Anyway, some scattered thoughts on a few things that have happened in the last ten days or so.
– I see Paul Wolfowitz won the resignation sweepstakes. Ehud Olmert, Alberto Gonzales, and Charlie Manuel all kept their jobs, somehow, in the meantime.
– So no more Rosie O’Donnell on “The View,” huh? Good thing she’s still on Fox News more than the president.
– No, I was not on the TB guy’s flight from France. He came back at least a week before I did. But thanks so much for the concern, everyone.
– Matthew Yglesias’ takedown of Bob Shrum’s new book– great stuff. Why in the world would anyone read a book by Shrum with any title other than “How to Lose an Election”?
– “The Sopranos”- harrowing episode. Although I thought I’d have two to watch when I got back. Like I said- it’s all gloom and doom, and I love it. And “Entourage” was priceless too- much like the Ari-between-two-shuls bit, I’m surprised it took them this long to give us “Yair Marx,” the billionaire investor who may work for the Mossad, Hezbollah, or both.
– I’m sure this benefit, for a Cincinnati-area AIDS charity, is going to be a wonderful event, and it’s for a great cause. But why in the world would they give it this name?
– David Brooks’ column on the rise of the “quasi-religious” was the smartest thing I’ve seen written about religion in quite some time, as the term really does apply to myself and most of the people I know. We’re a force, I tell you!
– I’m less concerned about Lindsay Lohan’s alcoholism, drug addiction, car accidents, or loss of her acting talent than I am with the fact that she’s slowly, over the last four years, turned orange. She must go to the same tanning salon as Hulk Hogan.
– I’m very sad that Bat-girl, one of the very best, is giving up her Twins blog. It says a lot, though, that many of the players were fans of it.
– The NBA lottery was won by… Portland and Seattle? Huh? The league must LOVE that, almost as much as Bill Simmons. Though I praise Bill not only for avoiding suicide, but for knocking Glen Taylor and Kevin McHale as “the NBA’s version of Bush/Rumsfield.” That’s ridiculous. At least Bush and Rumsfeld won one war. The Wolves continued their unblemished record of never, a single time, moving up in the lottery.
– Why wasn’t I invited to this party?
– Jeff Buckley died ten years ago today. Absolutely shocking. If you don’t own the “Grace” album, get on iTunes and buy it right now. Seriously.

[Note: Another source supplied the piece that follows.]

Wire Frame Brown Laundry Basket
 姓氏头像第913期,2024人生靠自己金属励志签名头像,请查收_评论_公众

– And finally, my favorite story of the entire week. It involved a riot in a gay pride parade in Moscow, with a surprise guest:
Religious orthodox protesters and skinheads hurled eggs and stones – injuring Mr Tatchell in the eye. They also attacked Richard Fairbrass, the gay singer from the pop group Right Said Fred.
The items of note from that, in order from how little they surprise me to how much they do:
1. The frontman of Right Said Fred (of “I’m Too Sexy” fame) is gay.

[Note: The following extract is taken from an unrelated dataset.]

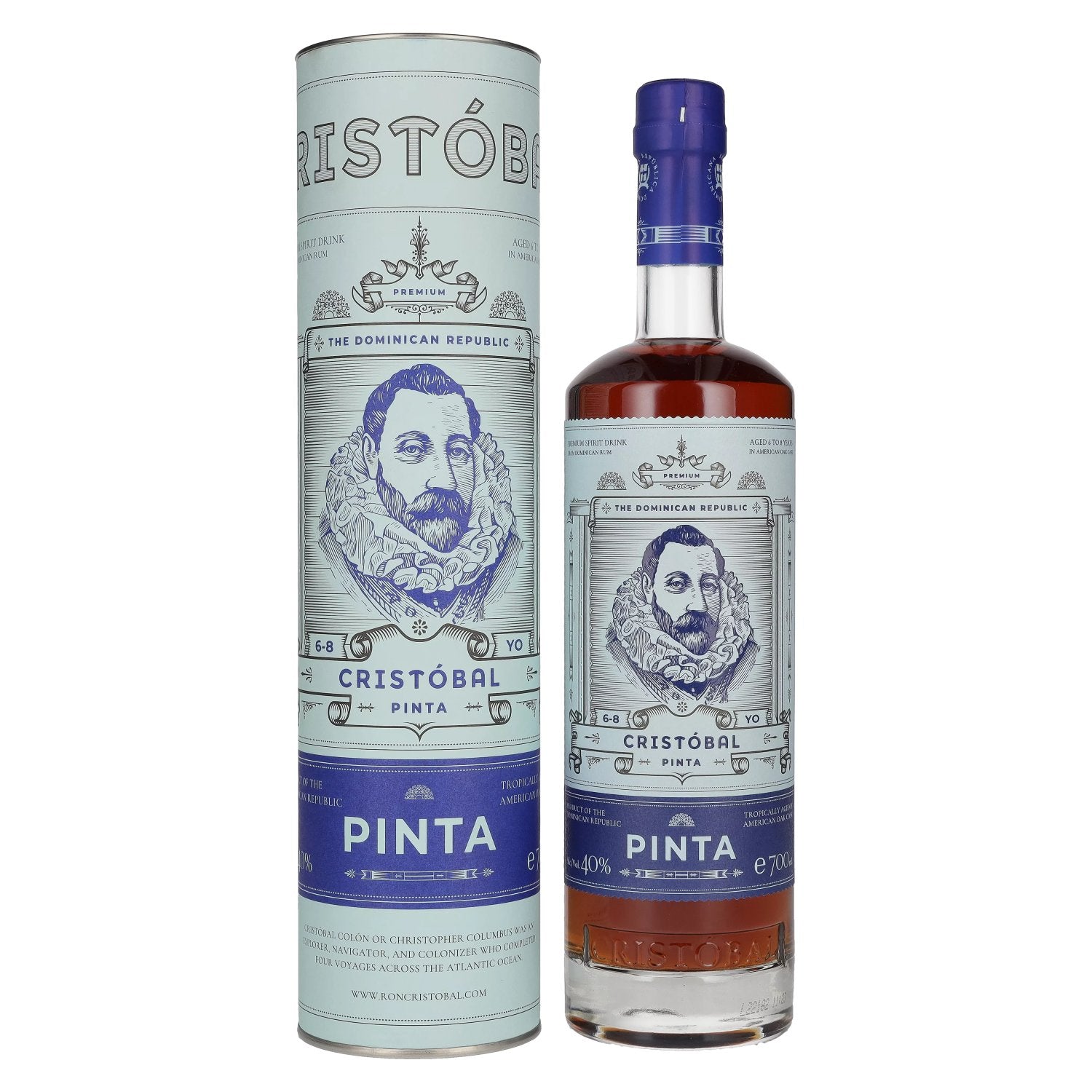 Ron Cristóbal PINTA 40% vol. 0,7l en boîte cadeau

2. He’s hanging out in Moscow.
3. Much like “Hootie,” “Milli,” and “Vanilli,” “Right Said Fred” is an actual group, and not a solo artist whose first name is “Fred.”
4. The singer from Right Said Fred is enough of a figure of consequence in the gay community that he’s a main attraction at a gay pride parade in a major world capital. I guess Elton John, Rufus Wainwright, Scissor Sisters, and Clay Aiken all said no.